● **INSTRUCTIONS TO FOLLOW**: Starting with the line that holds "The Perkins 60", repeat each line through the last one below, exactly. Pictures stay out.

● **THE DATA**:
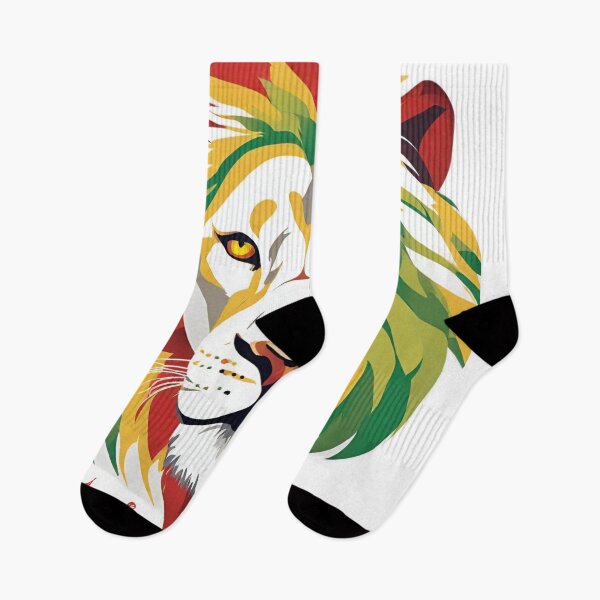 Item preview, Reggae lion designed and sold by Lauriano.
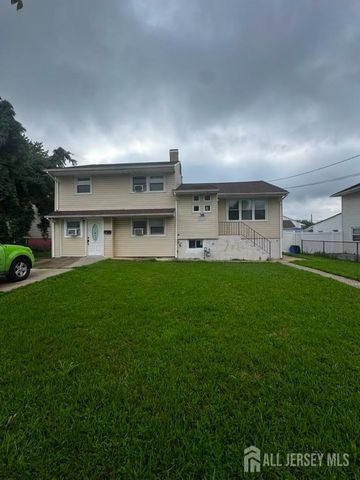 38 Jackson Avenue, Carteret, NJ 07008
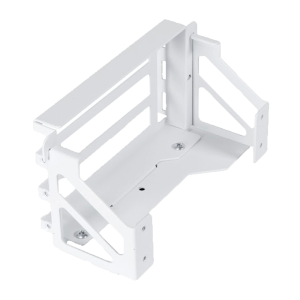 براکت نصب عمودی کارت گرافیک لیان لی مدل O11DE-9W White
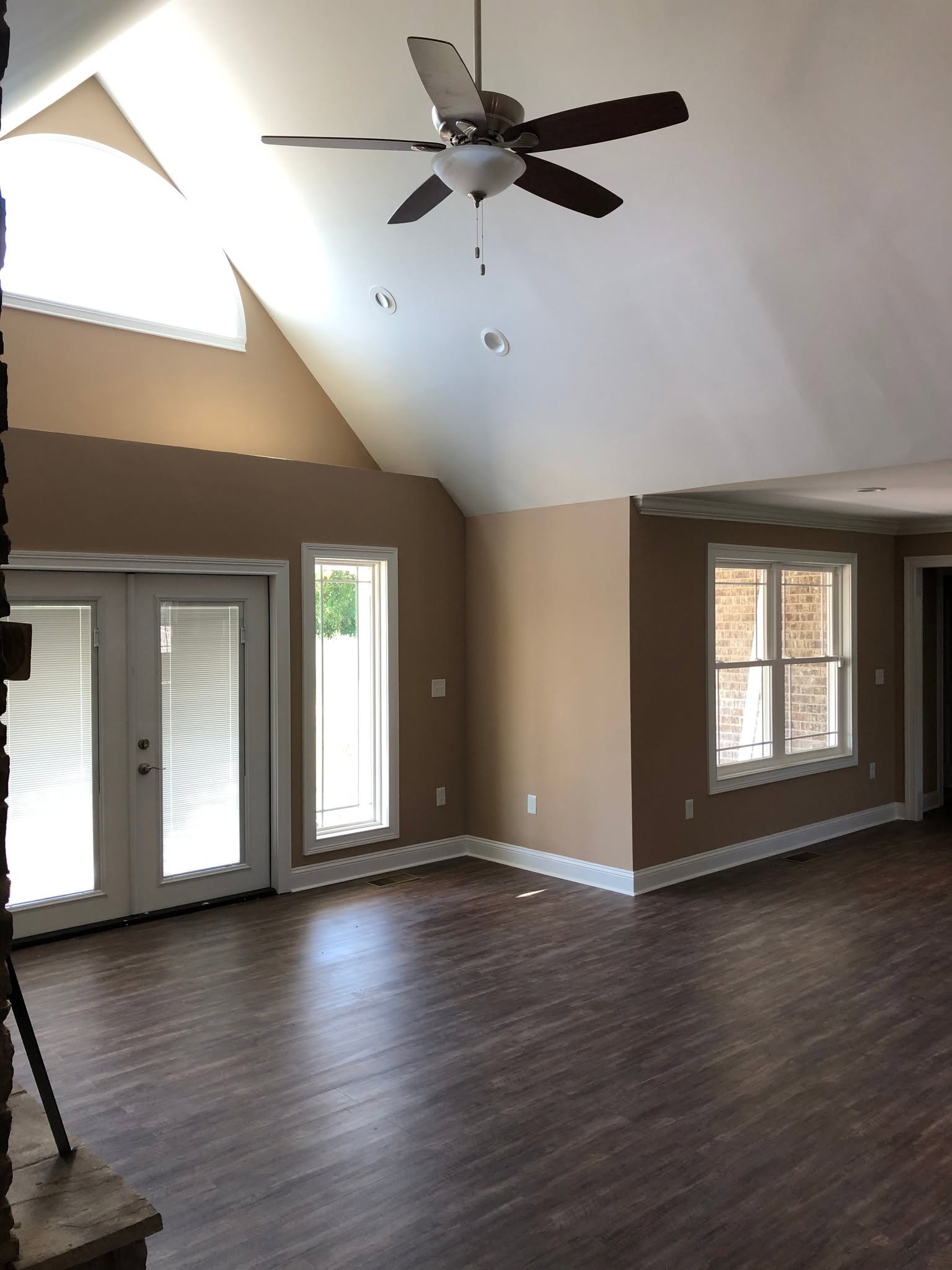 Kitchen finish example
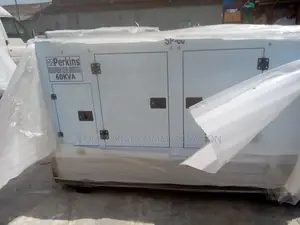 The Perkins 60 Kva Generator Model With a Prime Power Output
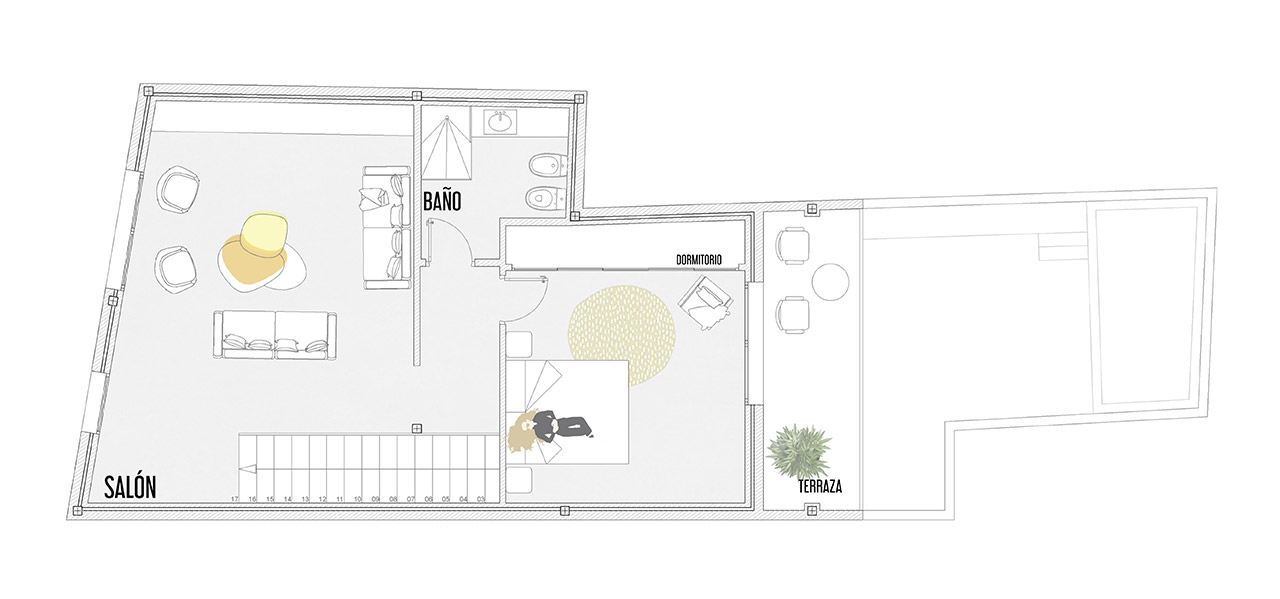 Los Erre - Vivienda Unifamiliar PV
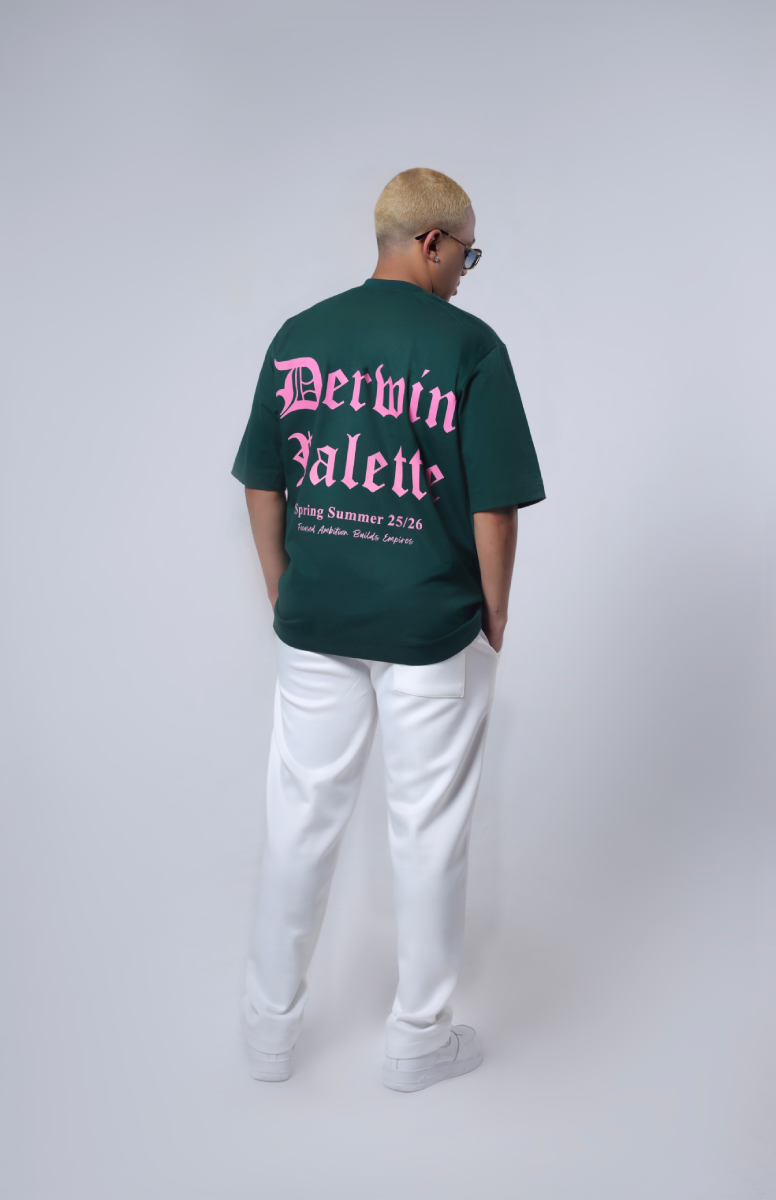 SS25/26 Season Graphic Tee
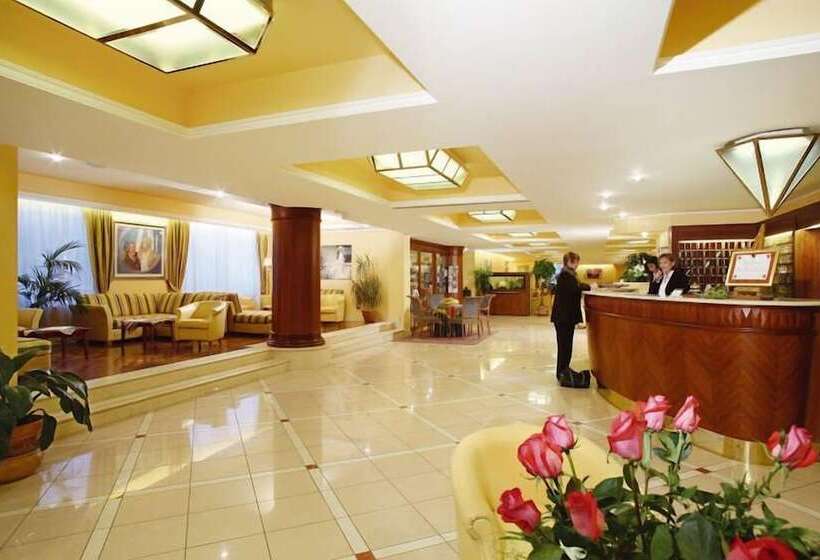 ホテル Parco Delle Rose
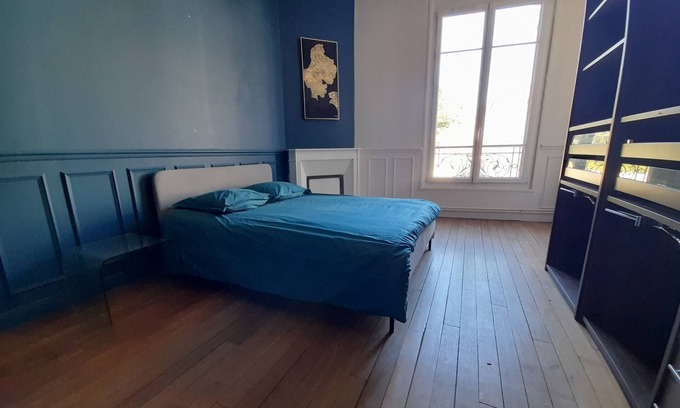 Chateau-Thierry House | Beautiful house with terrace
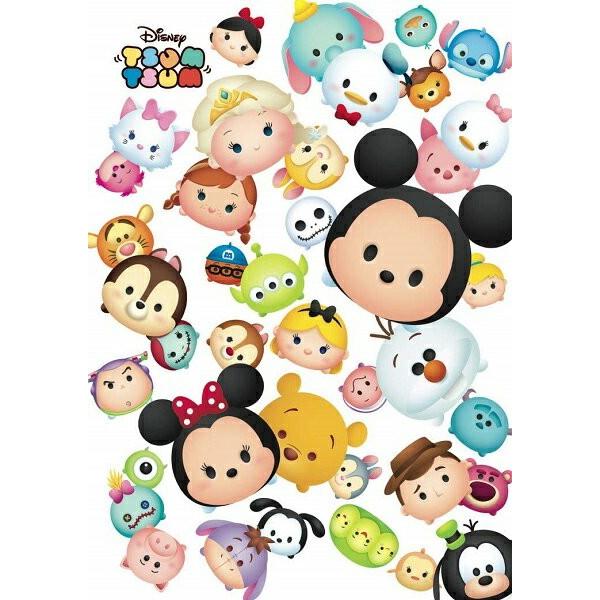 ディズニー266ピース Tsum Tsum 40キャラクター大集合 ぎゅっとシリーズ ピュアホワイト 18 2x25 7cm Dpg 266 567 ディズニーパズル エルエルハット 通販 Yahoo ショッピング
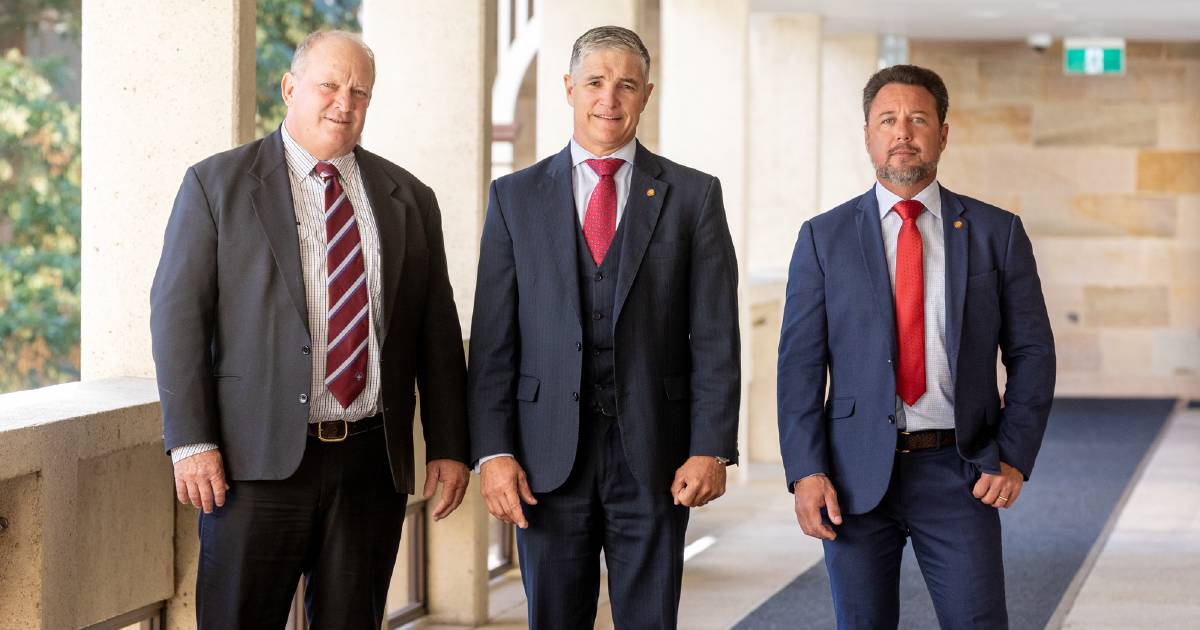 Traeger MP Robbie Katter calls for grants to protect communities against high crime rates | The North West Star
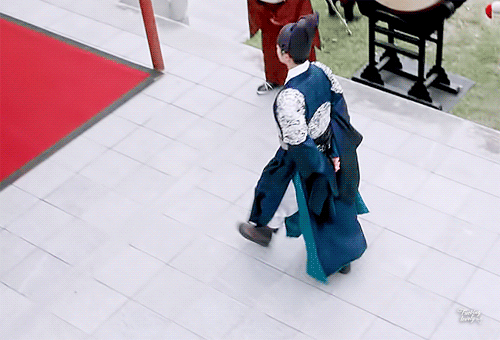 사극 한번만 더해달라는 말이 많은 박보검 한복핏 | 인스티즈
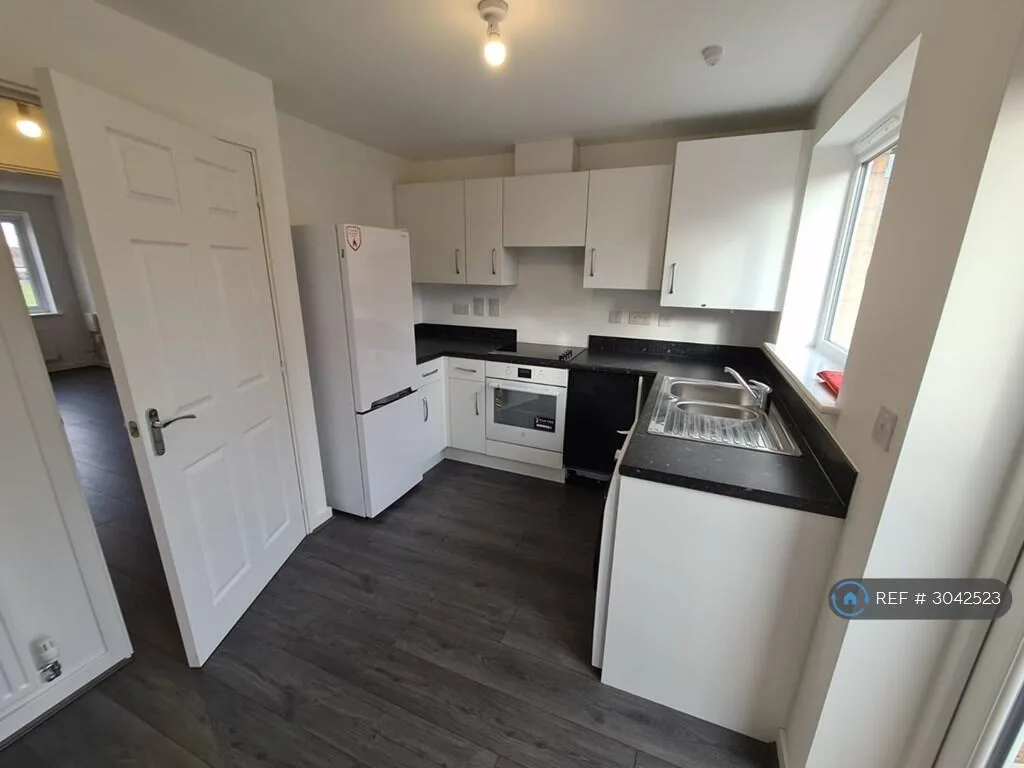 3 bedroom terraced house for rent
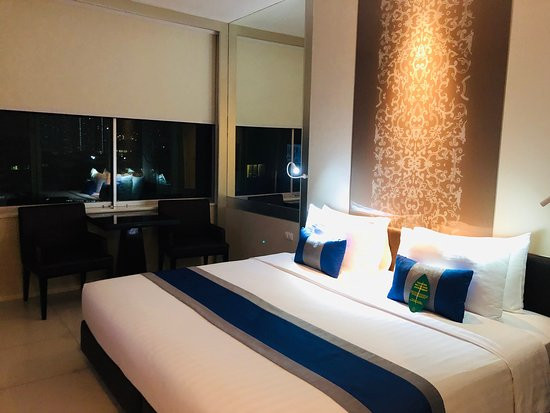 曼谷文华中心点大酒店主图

● **ANSWER SECTION**:
 The Perkins 60 Kva Generator Model With a Prime Power Output
 Los Erre - Vivienda Unifamiliar PV
 SS25/26 Season Graphic Tee
 ホテル Parco Delle Rose
 Chateau-Thierry House | Beautiful house with terrace
 ディズニー266ピース Tsum Tsum 40キャラクター大集合 ぎゅっとシリーズ ピュアホワイト 18 2x25 7cm Dpg 266 567 ディズニーパズル エルエルハット 通販 Yahoo ショッピング
 Traeger MP Robbie Katter calls for grants to protect communities against high crime rates | The North West Star
 사극 한번만 더해달라는 말이 많은 박보검 한복핏 | 인스티즈
 3 bedroom terraced house for rent
 曼谷文华中心点大酒店主图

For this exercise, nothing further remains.